● **INFORMATION PROVIDED**
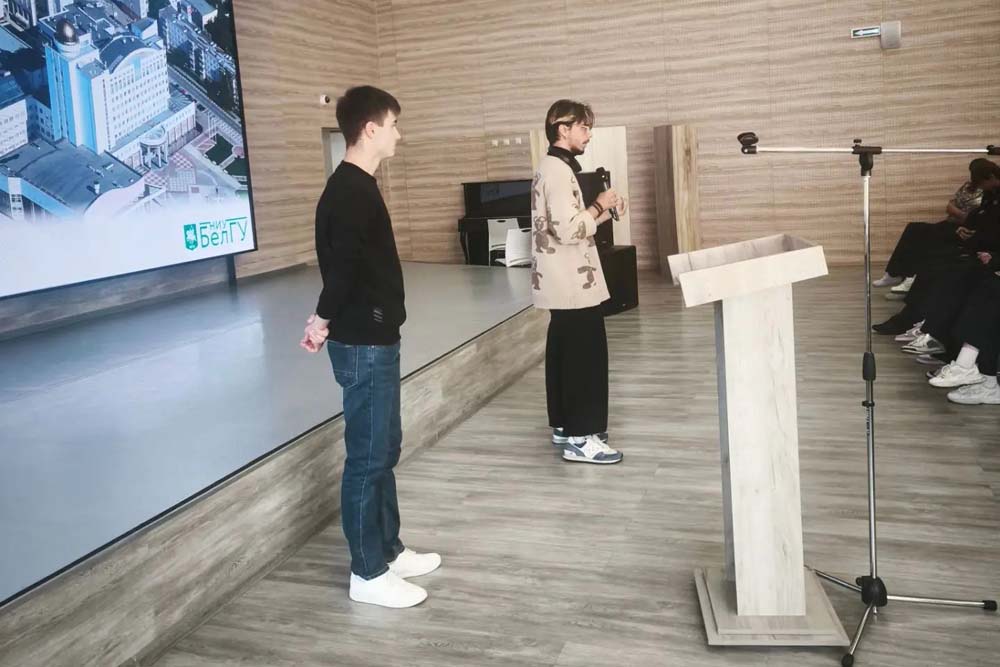 Увеличить Студенты и преподаватели ИИиЦТ НИУ «БелГУ» продолжают профориентацию школьников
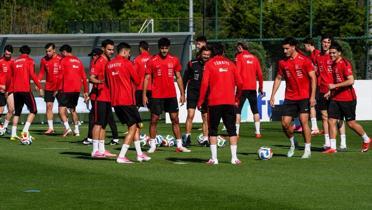 A Mili Tak�m, 2 g�nl�k izin sonras� yeniden top ba�� yapt�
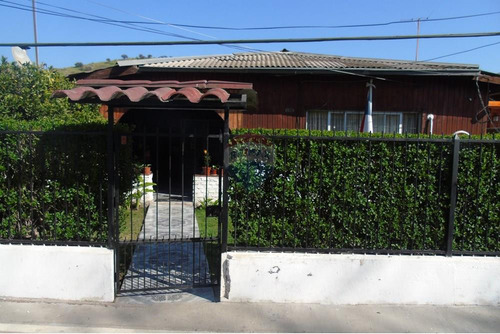 Hogar Ideal En Peñaflor: 3d/1b Y Amplio Terreno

● **WORK ITEM**
An exact retyping of the material, minus the pictures, is the required answer.

● **RESPONSE**
 Увеличить Студенты и преподаватели ИИиЦТ НИУ «БелГУ» продолжают профориентацию школьников
 A Mili Tak�m, 2 g�nl�k izin sonras� yeniden top ba�� yapt�
 Hogar Ideal En Peñaflor: 3d/1b Y Amplio Terreno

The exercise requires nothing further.